N° 23 : immeuble construit en 1907 sur l'emplacement d'une ancienne salle des Missions évangéliques et d'un théâtre éphémère dit théâtre Royal (1906). En 1889, le photographe Eugène Pirou y avait ses studios photographiques.
N° 24 :
Jean-Jacques Lubin (1765-1794), artiste-peintre puis membre de la Commune insurrectionnelle de Paris, est guillotiné le 11 thermidor an II (29 juillet 1794). Il demeurait au 24, rue de la Révolution (ancien nom de la rue Royale) au moment de son exécution
domicile de l'humoriste Alphonse Allais, célèbre à la Belle Époque, reconnu pour sa plume acerbe et son humour absurde, il est notamment renommé pour ses calembours et ses vers holorimes. Il est parfois considéré comme l'un des plus grands conteurs de langue française.
N° 25 : entrée de la cité Berryer qui s’étend jusqu’au 24 rue Boissy-d’Anglas ; emplacement de l’ancien marché d’Aguesseau, inauguré en juillet 1746. Au cinquième étage, fut installée de 1927 à 1987 l’agence de presse photographique Keystone. C’est en 1746, sur un terrain vierge de toute construction, que cette cité à la lisière entre la cour du Commerce et le passage caché, voit le jour. Le lieu est alors très prisé. La structure et les façades des immeubles, classés monuments historiques depuis 1987, ont été préservées lors de la rénovation des années 1990. À la place des commerces de bouche, ce sont aujourd’hui des boutiques de luxe (Dior, Chanel, Alain Martinière…) qui s’exposent le long de la cité Berryer. Ses jolies maisonnettes, ses balcons fleuris, ses pavés et ses lampadaires d’allure ancienne forment en effet un tableau plus que charmant.

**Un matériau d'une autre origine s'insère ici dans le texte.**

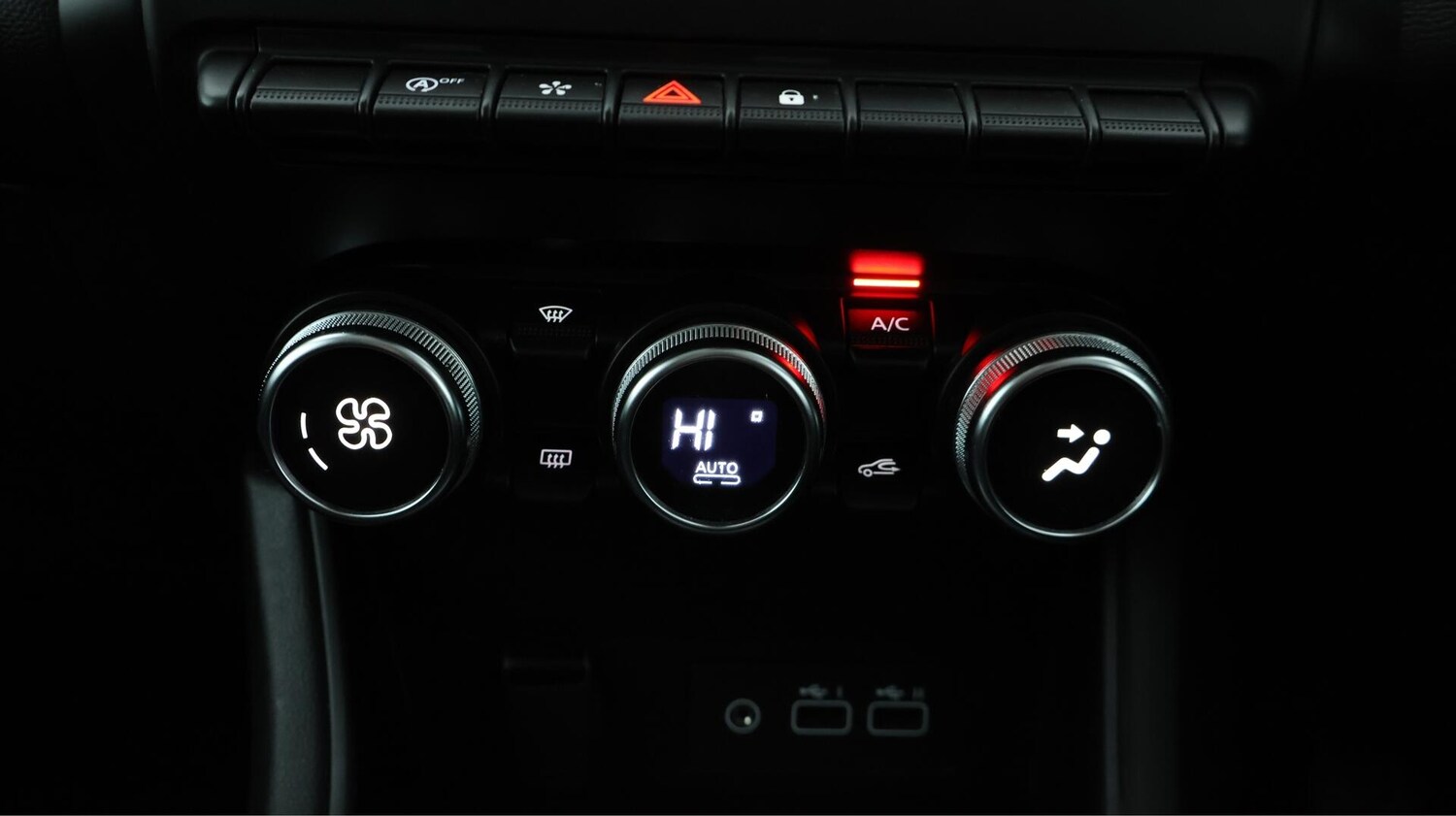 Used Renault Captur 2024 for sale - 76071771: Photo 12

N° 27 et n° 3 place de la Madeleine, immeuble ayant abrité la Brasserie Autrichienne, fortement endommagée par des projectiles tirés lors de la Commune, dans la deuxième quinzaine de mai 1871. Le restaurant Larue, ouvert au même emplacement en 1886, accueillit Proust au début des années 1900, et à partir de 1924 la réunion mensuelle dite « Dîner Bixio ».
N° 33 (immeuble disparu). C’était un débit de boissons nommé Irish and American Bar, fréquenté par Henri de Toulouse-Lautrec, qui en a fait plusieurs dessins montrant notamment Gabriel Sue ou le duo de clowns Foottit et Chocolat.